Sur le premier moyen, pris en ses deuxième et troisième branches
Enoncé du moyen
4. Mme Q...
fait grief à l’ordonnance de rejeter les irrégularités de procédure
soulevées, de déclarer régulière la procédure suivie en application des
dispositions de l’article L. 3212-1, II, 2°, du code de la santé
publique et d’ordonner la poursuite de son hospitalisation complète,
alors :
« 2°/ que le ministère public est
tenu d’assister à l’audience des débats lorsqu’il est partie
principale, ce qui est notamment le cas lorsqu’il interjette appel ;
qu’il résulte des mentions de l’ordonnance attaquée que le ministère
public - en la personne du procureur de la République de La Rochelle ou
du procureur général de Poitiers - n’a pas comparu à l’audience du 6
mars 2020 ; qu’en statuant hors de sa présence, le délégué du premier
président a méconnu les exigences de l’article 431 du code de procédure
civile.
3°/ que, lorsqu’il est partie
jointe, le ministère public peut faire connaître son avis à la
juridiction, soit en lui adressant des conclusions écrites qui sont
mises à la disposition des parties, soit oralement à l’audience ; qu’en
statuant au visa des réquisitions écrites du procureur général en date
du 5 mars 2020, lequel n’était pas représenté à l’audience, sans
constater que lesdites réquisitions avaient été mises à la disposition
de Mme Q...
afin qu’elle puisse y répondre utilement, le délégué du premier
président a violé les articles 16 et 431 du code de procédure civile. »
Réponse de la Cour
5.
Selon l’article R. 3211-7 du code de la santé publique, la procédure
judiciaire pour connaître des mesures de soins psychiatriques sans
consentement est régie par le code de procédure civile sous réserve des
dispositions de la section III du chapitre I du titre I du livre
deuxième consacré à la lutte contre les maladies mentales.
6.
Selon l’article R. 3211-21 du même code, la comparution des parties
devant le premier président, statuant en appel d’une décision du juge
des libertés et de la détention, est facultative, celles-ci pouvant
demander à être entendues ou faire parvenir leurs observations par
écrit, auquel cas il en est donné connaissance aux parties présentes à
l’audience.

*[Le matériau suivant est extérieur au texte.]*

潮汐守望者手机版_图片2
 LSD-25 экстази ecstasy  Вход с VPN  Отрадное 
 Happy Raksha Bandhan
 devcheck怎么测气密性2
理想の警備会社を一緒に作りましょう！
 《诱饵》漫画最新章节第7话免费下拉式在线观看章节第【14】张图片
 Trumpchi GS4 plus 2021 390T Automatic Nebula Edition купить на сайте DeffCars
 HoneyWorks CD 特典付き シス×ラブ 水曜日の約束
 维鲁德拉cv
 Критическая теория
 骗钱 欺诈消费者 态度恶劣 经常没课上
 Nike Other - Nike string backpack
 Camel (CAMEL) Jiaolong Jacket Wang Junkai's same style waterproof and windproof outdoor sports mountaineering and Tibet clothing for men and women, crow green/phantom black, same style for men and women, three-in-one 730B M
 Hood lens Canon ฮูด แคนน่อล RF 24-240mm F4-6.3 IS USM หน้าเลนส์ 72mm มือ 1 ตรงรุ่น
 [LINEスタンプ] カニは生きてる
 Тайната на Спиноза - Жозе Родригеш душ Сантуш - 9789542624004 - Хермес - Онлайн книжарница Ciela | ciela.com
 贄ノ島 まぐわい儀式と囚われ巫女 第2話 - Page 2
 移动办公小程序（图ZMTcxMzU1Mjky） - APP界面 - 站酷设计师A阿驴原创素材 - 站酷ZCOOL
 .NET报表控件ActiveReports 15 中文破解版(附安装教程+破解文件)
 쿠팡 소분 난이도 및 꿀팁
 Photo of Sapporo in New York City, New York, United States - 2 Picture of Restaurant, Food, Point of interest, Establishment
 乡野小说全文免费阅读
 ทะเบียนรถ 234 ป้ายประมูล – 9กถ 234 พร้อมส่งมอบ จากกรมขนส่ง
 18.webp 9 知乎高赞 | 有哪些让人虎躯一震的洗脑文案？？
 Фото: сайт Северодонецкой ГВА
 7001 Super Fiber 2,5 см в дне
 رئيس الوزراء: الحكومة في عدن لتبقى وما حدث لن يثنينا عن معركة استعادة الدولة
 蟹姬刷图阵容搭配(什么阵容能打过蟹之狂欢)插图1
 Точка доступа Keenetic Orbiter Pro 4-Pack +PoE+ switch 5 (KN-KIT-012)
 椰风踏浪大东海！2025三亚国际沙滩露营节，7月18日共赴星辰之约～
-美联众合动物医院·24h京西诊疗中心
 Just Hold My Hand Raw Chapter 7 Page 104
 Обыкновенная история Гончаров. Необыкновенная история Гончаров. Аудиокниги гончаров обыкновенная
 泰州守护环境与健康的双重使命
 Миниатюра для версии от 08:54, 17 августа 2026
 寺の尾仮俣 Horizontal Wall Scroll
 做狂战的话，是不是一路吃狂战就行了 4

Lorsqu’il n’est pas partie principale, le ministère public
fait connaître son avis dans les conditions définies par le deuxième
alinéa de l’article 431 du code de procédure civile.
7.
Le premier président pouvait dès lors statuer hors la présence du
ministère public, partie principale en sa qualité d’appelant, en donnant
connaissance oralement à l’audience de ses réquisitions écrites.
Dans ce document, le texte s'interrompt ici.